To help you with what to put on the telly, we asked around for our colleagues’ picks of their favourite Christmas movies and, frankly, we were surprised to receive a pretty diverse mix of choices. There’s action, a rom-com, drama, fantasy, comedy, and an animated film – something for everyone. Here’s presenting Yahoo Lifestyle SEA’s round-up of our most cherished Christmas flicks.

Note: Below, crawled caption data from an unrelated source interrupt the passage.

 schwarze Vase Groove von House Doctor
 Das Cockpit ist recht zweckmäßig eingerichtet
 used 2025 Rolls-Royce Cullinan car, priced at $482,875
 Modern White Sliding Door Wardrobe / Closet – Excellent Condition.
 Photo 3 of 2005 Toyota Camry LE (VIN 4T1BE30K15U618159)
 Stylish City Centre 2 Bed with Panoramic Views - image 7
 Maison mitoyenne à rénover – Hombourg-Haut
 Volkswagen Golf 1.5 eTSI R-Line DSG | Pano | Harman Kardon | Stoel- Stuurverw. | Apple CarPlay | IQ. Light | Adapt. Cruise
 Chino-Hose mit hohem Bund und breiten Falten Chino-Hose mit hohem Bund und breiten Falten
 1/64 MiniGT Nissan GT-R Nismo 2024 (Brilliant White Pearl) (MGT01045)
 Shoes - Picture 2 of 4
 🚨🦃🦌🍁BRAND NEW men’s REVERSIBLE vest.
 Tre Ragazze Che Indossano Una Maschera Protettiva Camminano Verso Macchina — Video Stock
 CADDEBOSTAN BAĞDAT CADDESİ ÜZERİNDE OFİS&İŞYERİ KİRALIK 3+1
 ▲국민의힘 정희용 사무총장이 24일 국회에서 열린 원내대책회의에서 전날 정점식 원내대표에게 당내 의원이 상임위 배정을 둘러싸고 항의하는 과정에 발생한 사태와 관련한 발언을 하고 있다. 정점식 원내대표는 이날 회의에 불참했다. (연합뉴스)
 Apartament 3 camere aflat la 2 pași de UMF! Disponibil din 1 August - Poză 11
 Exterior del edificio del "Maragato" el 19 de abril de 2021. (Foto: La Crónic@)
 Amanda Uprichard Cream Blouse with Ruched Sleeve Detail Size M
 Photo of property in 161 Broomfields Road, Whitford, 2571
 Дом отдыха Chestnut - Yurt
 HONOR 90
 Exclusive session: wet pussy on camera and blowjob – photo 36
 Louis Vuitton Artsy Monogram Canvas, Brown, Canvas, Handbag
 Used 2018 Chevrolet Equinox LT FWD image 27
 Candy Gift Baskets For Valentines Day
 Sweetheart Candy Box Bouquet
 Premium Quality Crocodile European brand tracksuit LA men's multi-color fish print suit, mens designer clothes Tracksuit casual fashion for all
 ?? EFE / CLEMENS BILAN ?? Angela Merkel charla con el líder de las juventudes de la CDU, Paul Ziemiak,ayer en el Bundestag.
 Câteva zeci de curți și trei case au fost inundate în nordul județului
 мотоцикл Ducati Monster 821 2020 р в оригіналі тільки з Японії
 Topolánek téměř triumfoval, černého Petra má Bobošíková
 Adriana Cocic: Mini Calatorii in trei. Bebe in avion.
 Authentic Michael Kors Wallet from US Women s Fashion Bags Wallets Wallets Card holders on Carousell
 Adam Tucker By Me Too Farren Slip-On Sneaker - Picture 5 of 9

Macaulay Culkin in Home Alone (1990).
Macaulay Culkin in Home Alone (1990).

Home Alone

“Home Alone (1990) spawned a whole movie franchise but the first one will always be the classic. It made Macaulay Culkin famous in his role as Kevin McAllister, a boy who's left home alone when his family somehow forgets about him and leaves him behind when they fly on a plane to Paris for a holiday. Kevin concocts ingenious booby traps to fend off two bumbling burglars played by Joe Pesci and Daniel Stern. Memorable for Culkin's adorable and precocious character, as well as great comedic performances from Pesci and Stern.” — Teng Yong Ping, Yahoo Lifestyle Editor

Rise Of The Guardians (2012).
Rise Of The Guardians (2012).

Rise Of The Guardians

“I'm not sure why I watched Rise Of The Guardians because it's not the usual fare I'd pick for a movie night out, but I do remember being surprised at all the feels it gave me in the cinema. This animated feature is about Jack Frost, a fairy tale character who is supposedly responsible for frost, ice, snow, patterns on a cold window pane and, well, winter. It turned out to be a well-paced movie with an engaging storyline and surprising emotional impact. I believe he could have been the more popular Magical Being With Cold Powers if he had an intro song to belt instead. Bonus: A macho Santa in the film is going to give a very different meaning to Father Christmas.” — Stephanie Zheng, Yahoo Lifestyle Editor

Liam Neeson and Thomas Brodie-Sangster in Love Actually (2003).
Liam Neeson and Thomas Brodie-Sangster in Love Actually (2003).

Love Actually

“My favourite Christmas movie is Love Actually. Aside from the great chemistry and stellar performance by the ensemble cast of big names like Emma Thompson, Alan Rickman, Colin Firth (Mr Darcy!), Hugh Grant, Keira Knightley, and more, it reminds us that despite all our differences, we're all capable – and deserving – of love. And that life isn't – and shouldn't be – lived in black and white; we should revel in all its many shades.” — Esther Au Yong, Yahoo News Editor-in-chief

On the set of Gremlins, directed by Joe Dante. (Photo by Warner Bros. Pictures/Amblin E/Sunset Boulevard/Corbis via Getty Images)
On the set of Gremlins, directed by Joe Dante. (Photo by Warner Bros. Pictures/Amblin E/Sunset Boulevard/Corbis via Getty Images)

Gremlins

“Gremlins (1984) is my pick for best Christmas movie. Watching little monsters cause chaos in a small town is the perfect antidote if you're feeling overdosed on mindless jingles and endless shopping. Of course the good guys still win in the end but the movie proves that a bit of dark humour can spice up the season with a bit of wicked fun.” — Dhany Osman, Yahoo News Editor

Masahiro Motoki and Tsutomu Yamazaki in Departures (Okuribito).
Masahiro Motoki and Tsutomu Yamazaki in Departures (Okuribito).

Departures

Departures (Okuribito in Japanese) won the Best Foreign Language Film award at the Oscars in 2009. In the movie, a newly unemployed cellist Daigo Kobayashi (Masahiro Motoki) takes a job preparing the dead for funerals. While his wife and others despise the job, Daigo takes pride in his work as a gentle gatekeeper between life and death, between the departed and the family of the departed. The film follows his profound and sometimes comical journey with death as he uncovers the wonder, joy and meaning of life and living. As Yahoo TV Producer Bruce Lim said: “I watched Departures and cried my eyes dry.” ’Nuff said.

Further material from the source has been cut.